NOTICE! Use of this .htaccess snippet is on your own responsibility. Powerhosting ApS can not and will not be responsible of your rating on Google or anywhere else, whether you use this snippet or not. However, used the right way it will definetely do more good than harm.

As a company hosting thousands of e-commerce sites we regularly experience sites being crawled extensively by Googlebot. And normally a shop owner would like google to drop by every once in a while, but when it starts to crawl your filter or layered navigation you will soon realize it can cause a lot of harm. Not only for your SEO with duplicate content, but also your server ressources can be challenged.

With most layered navigation modules the filter is implemented via Query strings. So that when you press e.g. Size L, the url will change to what-ever-url-you-are-on?size=l. And when you then add price filtering it will look like: what-ever-url-you-are-on?size=l&price=100-200*. Playing around with any given layered navigation you will soon realize that the combinations are endless. And if you do not believe me, then wait for Googlebot to come by.

Over the years many of our customers experiencing this issue, have tried to handle this in robots.txt, or setting noindex nofollow X-Robots-Tag headers or meta tags, with mixed outcome. Most of the time it seems that Googlebot simply does not care. The only thing that always works is sending the right http response code to the bots when they are crawling query_strings.

The following is an example that must be modfied to meet the need of your situation. The query strings are often time custom. Looking through your access log will help you find the right query strings to use. This needs to be in the top of your .htaccess file in your document root.

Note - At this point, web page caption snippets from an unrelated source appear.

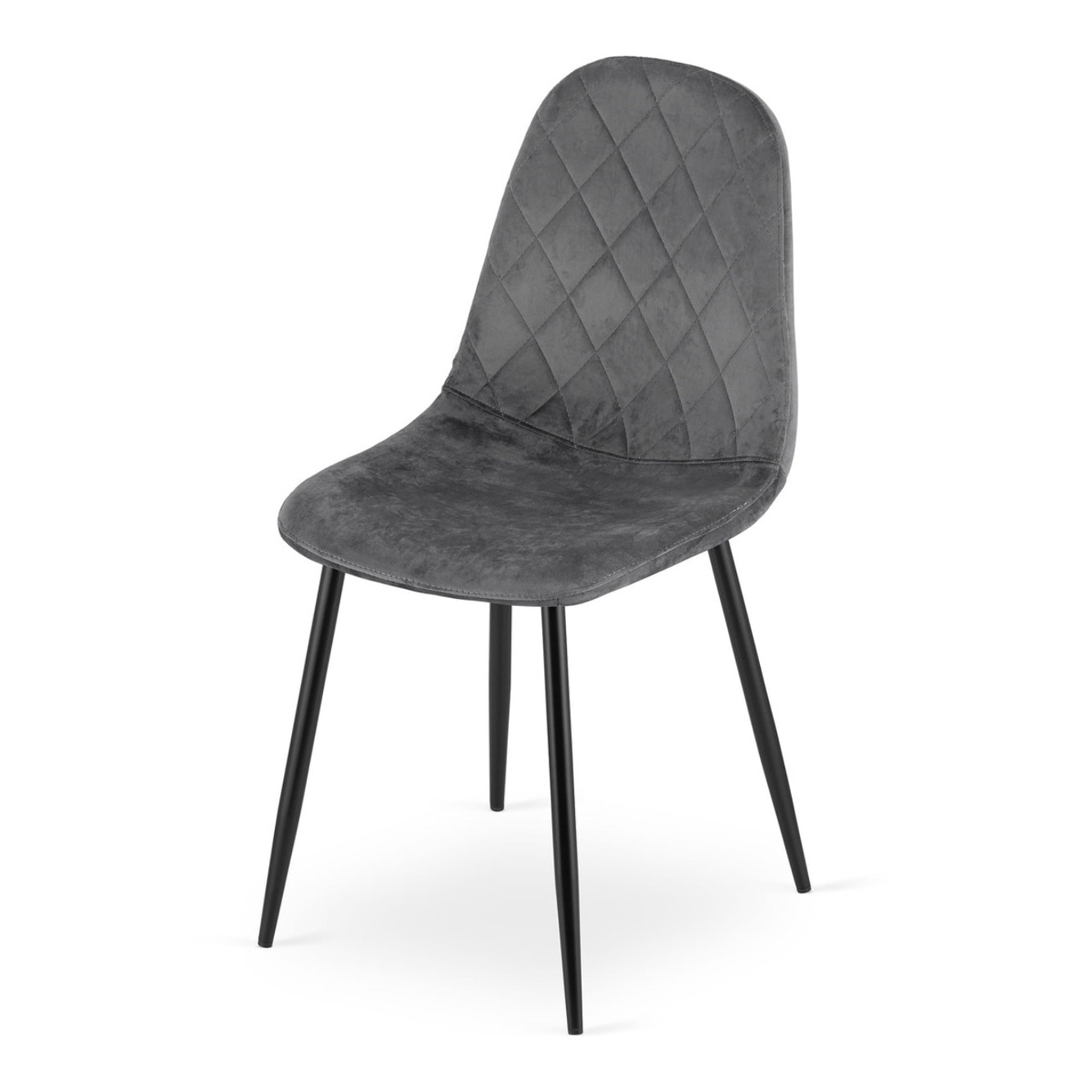 Sedia Asti in velluto grigio scuro con gambe in metallo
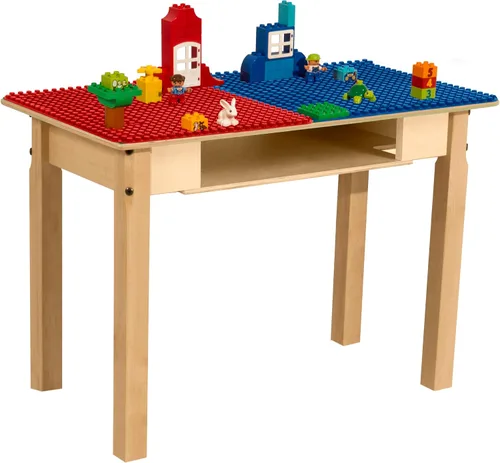 Vista 16 de Mesa DUPLO con canal y estante azul y verde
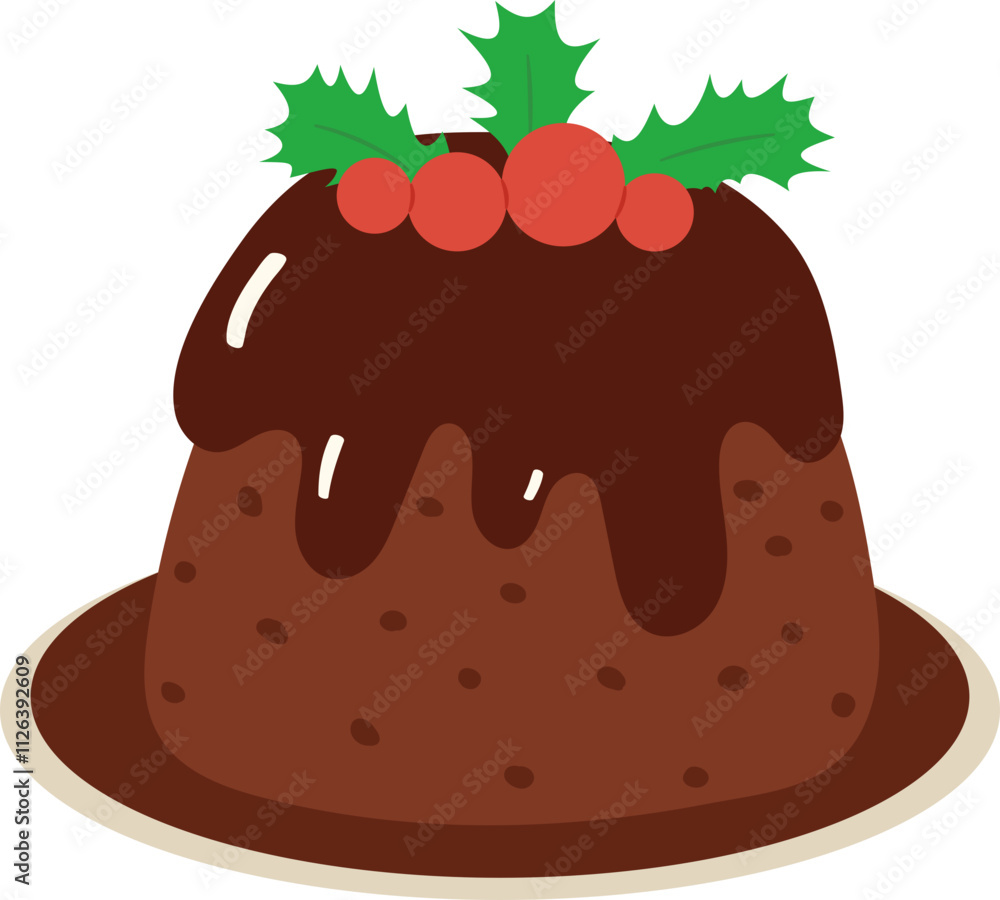 Christmas pudding, fruit cake with holly berry. Christmas pudding, fruit cake with holly berry.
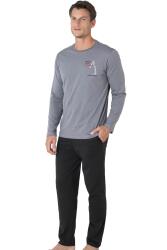 Erkek %100 Pamuk Penye Pijama Takım, Bisiklet Yakalı, Uzunkol Pijama Takım (1)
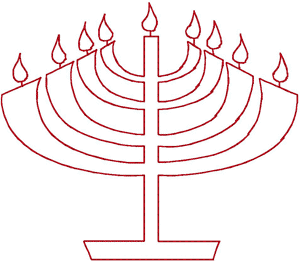 Redwork Hanukkah Menorah Embroidery Design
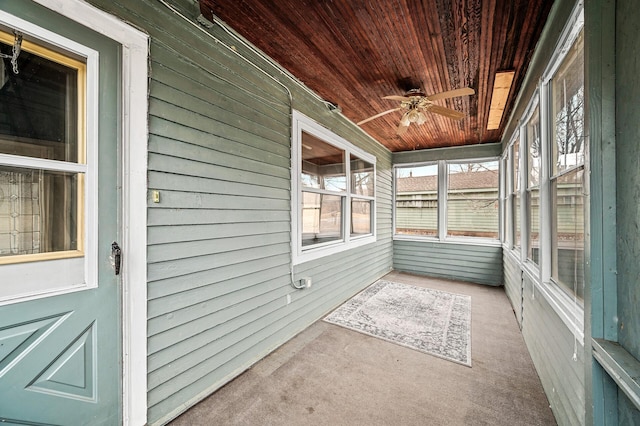 444 Vincent St, Saint Croix Falls, WI 54024 - unfurnished sunroom featuring a ceiling fan and plenty of natural light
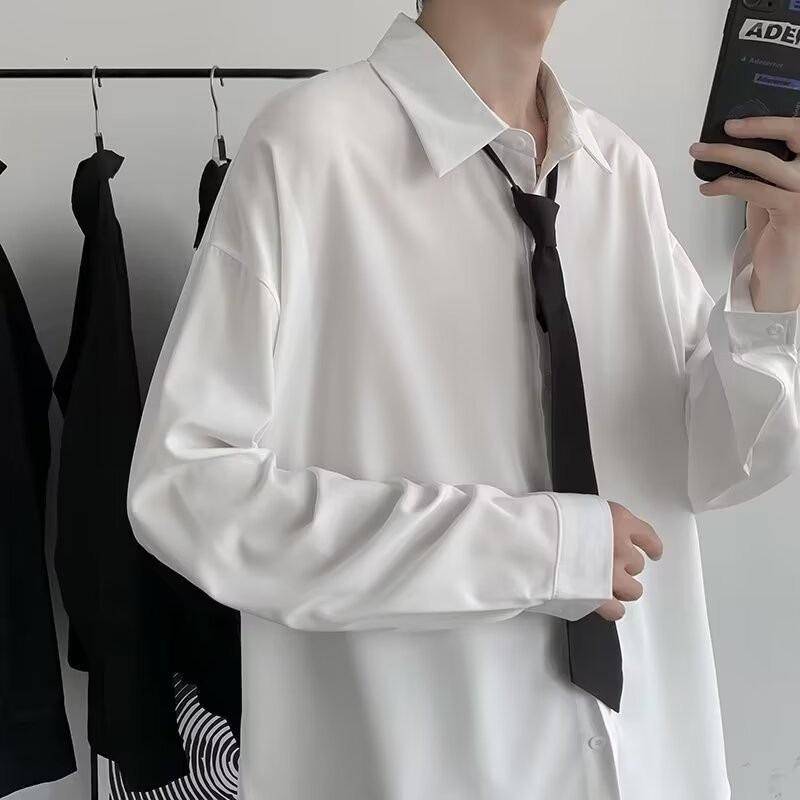 Herren Langarmhemd Weiß: College-Stil, Lockere Passform, Koreanischer Trend White with Tie von Joom DACH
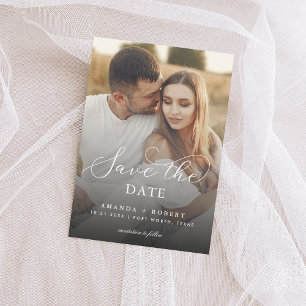 DARK Faded Photo & Script Wedding Save The Date
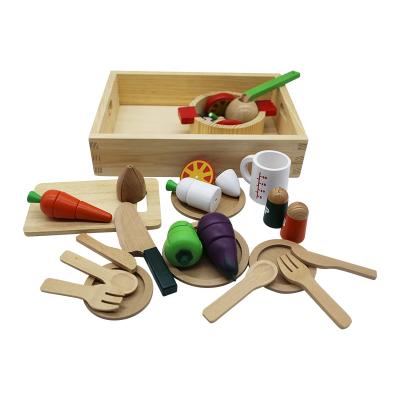 China Hot selling wooden vegetable cutting toy, corte de juguete verduras, wooden cutting toy set for kids for sale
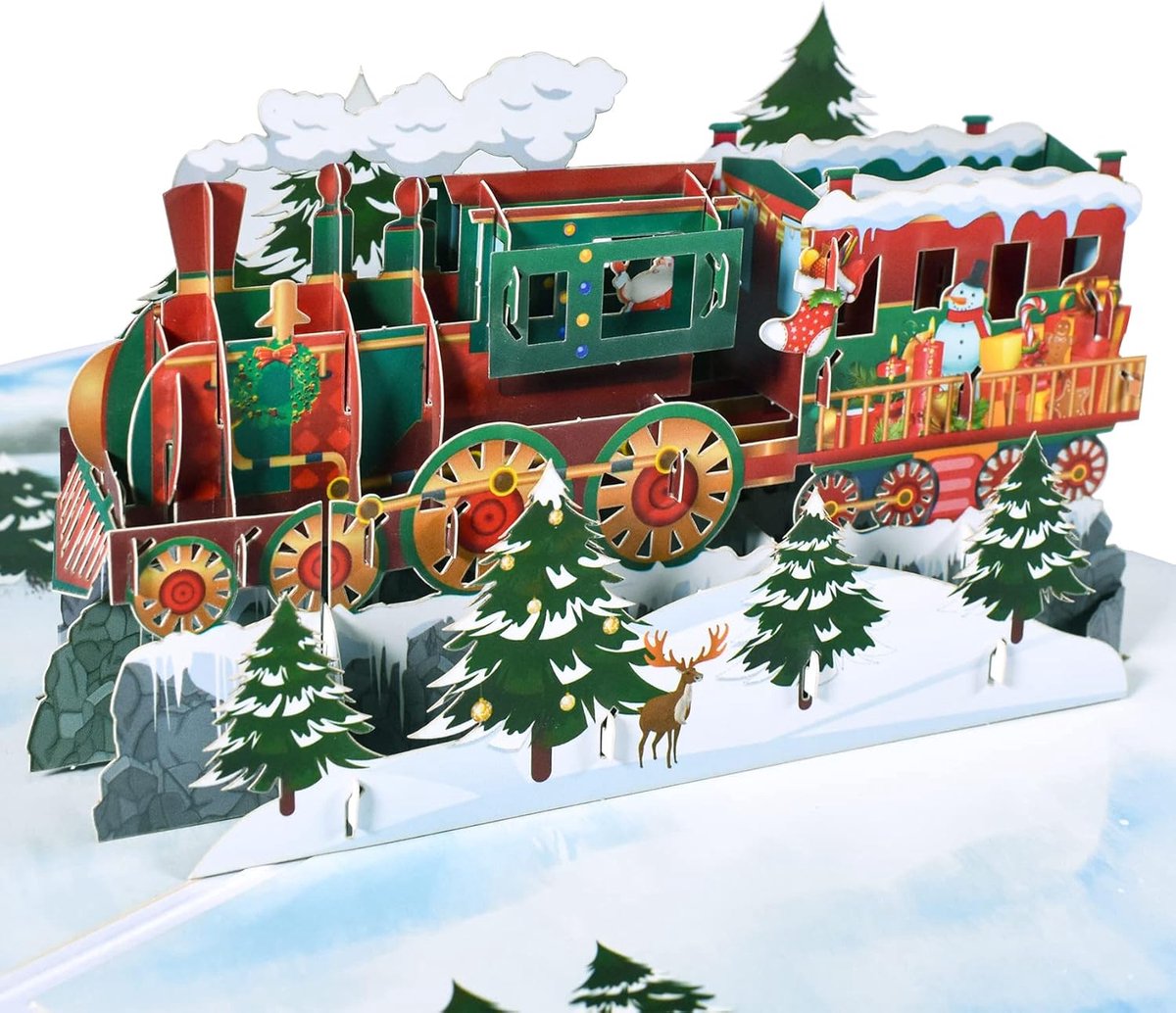SnelShoppen - 3D Pop Up Kerstkaart Trein, Grappige Kerstgroet Kaart met Kerstboom en Sneeuwman, Perfect voor Kinderen en Volwassenen, Inclusief Envelo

# Sending 410 Gone to bots on filters / layered navigation - Here be dragons

<IfModule mod_rewrite.c>
        RewriteCond %{QUERY_STRING} (size=|manufacturer=|price=|limit=) [NC]
        RewriteCond %{HTTP_USER_AGENT} (googlebot|bingbot|yahoo) [NC]
        RewriteRule .* - [G,NC]
</IfModule>

Most of the time you would only want to edit the line containing the query strings. Remember this is a regular expression, and that is why we use parenthesis in combination with pipe to let you define multiple query strings in the same line. NC means case insensitive or nocase.